Can it get bigger than that? And what's your approach?

-
Note you can take a factor $2^4=16$ out and work with 0 and 1. –  Mark Bennet Sep 4 '12 at 21:52
I changed it into 0,1 or 2. –  Voldemort Sep 4 '12 at 21:54
–  user2468 Sep 4 '12 at 22:14

$$\left| \begin{array}{ccc} 2&0 & 2 & 2 \\ 2&2 & 0 & 2 \\ 2&2 & 2 & 0 \\ 0&2 & 2 & 2 \end{array} \right|=48$$

-
professorjava.weebly.com/matrix-determinant.html , this determinant does not equal to 48 –  zinking Sep 6 '12 at 2:58
Quite right! I was taking absolute values.
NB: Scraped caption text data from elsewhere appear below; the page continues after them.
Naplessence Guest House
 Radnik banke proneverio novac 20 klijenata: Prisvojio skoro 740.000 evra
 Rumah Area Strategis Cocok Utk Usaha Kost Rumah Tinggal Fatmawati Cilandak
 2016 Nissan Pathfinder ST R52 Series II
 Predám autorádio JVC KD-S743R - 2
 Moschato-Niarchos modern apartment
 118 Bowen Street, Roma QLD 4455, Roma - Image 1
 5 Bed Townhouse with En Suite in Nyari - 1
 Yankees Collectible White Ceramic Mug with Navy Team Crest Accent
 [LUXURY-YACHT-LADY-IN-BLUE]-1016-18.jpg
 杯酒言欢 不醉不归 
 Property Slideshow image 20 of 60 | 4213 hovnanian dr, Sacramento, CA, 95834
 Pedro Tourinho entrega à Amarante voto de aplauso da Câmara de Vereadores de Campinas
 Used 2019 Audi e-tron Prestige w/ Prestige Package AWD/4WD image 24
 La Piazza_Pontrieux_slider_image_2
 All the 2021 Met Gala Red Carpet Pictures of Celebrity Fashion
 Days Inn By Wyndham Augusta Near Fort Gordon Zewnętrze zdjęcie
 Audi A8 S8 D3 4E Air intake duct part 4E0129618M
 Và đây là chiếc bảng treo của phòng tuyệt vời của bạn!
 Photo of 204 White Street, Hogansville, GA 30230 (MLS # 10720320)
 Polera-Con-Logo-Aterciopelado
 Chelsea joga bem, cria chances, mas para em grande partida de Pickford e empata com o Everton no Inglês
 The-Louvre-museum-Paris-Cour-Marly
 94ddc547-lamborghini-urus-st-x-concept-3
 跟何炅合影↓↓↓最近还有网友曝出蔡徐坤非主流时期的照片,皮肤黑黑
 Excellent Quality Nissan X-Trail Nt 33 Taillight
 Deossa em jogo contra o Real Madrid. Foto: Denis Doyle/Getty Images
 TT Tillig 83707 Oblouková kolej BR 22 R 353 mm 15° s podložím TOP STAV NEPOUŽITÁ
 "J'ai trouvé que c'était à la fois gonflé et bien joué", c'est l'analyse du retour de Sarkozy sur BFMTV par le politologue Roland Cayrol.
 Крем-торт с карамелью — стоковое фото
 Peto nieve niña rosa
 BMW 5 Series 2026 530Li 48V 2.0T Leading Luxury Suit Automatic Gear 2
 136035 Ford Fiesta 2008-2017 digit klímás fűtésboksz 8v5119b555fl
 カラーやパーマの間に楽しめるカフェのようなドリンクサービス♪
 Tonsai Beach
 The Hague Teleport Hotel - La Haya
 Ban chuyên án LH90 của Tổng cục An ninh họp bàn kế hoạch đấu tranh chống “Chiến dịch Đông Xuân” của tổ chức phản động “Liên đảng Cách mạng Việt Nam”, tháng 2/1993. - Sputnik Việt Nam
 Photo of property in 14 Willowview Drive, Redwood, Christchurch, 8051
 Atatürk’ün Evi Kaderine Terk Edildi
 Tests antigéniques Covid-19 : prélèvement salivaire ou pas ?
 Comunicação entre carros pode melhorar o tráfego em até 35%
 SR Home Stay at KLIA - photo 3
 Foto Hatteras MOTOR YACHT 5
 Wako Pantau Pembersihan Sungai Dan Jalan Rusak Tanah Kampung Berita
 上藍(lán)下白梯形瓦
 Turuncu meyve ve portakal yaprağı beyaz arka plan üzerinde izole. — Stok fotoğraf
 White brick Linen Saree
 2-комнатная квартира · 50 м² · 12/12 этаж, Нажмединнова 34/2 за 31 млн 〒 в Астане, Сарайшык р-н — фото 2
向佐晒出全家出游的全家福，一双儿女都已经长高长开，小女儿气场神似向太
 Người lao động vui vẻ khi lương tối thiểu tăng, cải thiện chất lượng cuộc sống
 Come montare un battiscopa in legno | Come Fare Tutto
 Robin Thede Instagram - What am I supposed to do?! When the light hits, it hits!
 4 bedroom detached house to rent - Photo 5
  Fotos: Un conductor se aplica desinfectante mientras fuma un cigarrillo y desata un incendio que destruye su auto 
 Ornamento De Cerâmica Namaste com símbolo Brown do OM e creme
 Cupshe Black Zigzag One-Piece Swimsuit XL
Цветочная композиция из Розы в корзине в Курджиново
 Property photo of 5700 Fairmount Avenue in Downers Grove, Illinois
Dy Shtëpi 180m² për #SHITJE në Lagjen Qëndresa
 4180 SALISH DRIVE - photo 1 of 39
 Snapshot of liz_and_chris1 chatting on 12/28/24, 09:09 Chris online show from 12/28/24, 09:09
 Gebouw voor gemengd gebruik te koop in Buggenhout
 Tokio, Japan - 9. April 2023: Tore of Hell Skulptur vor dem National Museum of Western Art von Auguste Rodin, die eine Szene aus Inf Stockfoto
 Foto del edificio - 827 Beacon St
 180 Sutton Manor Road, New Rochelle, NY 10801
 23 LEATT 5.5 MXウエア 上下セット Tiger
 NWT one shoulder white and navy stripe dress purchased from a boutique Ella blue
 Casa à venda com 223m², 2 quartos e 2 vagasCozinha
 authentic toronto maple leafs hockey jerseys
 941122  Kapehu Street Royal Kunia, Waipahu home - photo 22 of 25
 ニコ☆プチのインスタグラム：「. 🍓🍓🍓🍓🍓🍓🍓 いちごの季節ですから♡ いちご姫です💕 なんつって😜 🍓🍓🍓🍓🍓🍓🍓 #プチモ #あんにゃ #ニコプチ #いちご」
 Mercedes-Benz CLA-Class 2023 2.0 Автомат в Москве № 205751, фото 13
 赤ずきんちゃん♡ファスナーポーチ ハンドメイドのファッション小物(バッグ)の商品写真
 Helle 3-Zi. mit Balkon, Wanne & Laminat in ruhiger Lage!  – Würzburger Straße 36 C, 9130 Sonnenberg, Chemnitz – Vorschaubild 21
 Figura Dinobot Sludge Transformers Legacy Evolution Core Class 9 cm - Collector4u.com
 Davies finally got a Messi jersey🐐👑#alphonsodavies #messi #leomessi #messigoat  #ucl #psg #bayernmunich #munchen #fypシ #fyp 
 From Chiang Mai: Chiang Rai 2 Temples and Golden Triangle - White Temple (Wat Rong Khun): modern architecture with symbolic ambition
I've corrected it. –  Byron Schmuland Sep 6 '12 at 12:35

First of all, the option of filling in a "1" can always be avoided because the determinant is always a linear function of any entry. So substituting either 2 or 0 can ensure an equal or bigger determinant.

And if the question is to fill in either 2 or 0, then as Mark Bennet pointed out, it can be simplify into a binary matrix. However, this "simplified" problem is actually a particular case of the very complicated "Hadamard's maximal determinant problem" (MathWorld | Wikipedia). The general solution still has not been discovered yet.

The answer for this particular case is $48=3\times2^4$. And there're 60 different possible matrices that have this determinant.

-
More generally, consider an $n \times n$ matrix whose entries are in $[0,k]$ for some $k > 0$. Since the determinant is an affine function of each matrix element, we may as well assume that each element is $0$ or $k$. Moreover, by scaling, the answer will be $k^n$ times what we would get by replacing $k$ by $1$. Now look up "Hadamard maximal determinant problem". See e.g. https://oeis.org/A003432 and references there.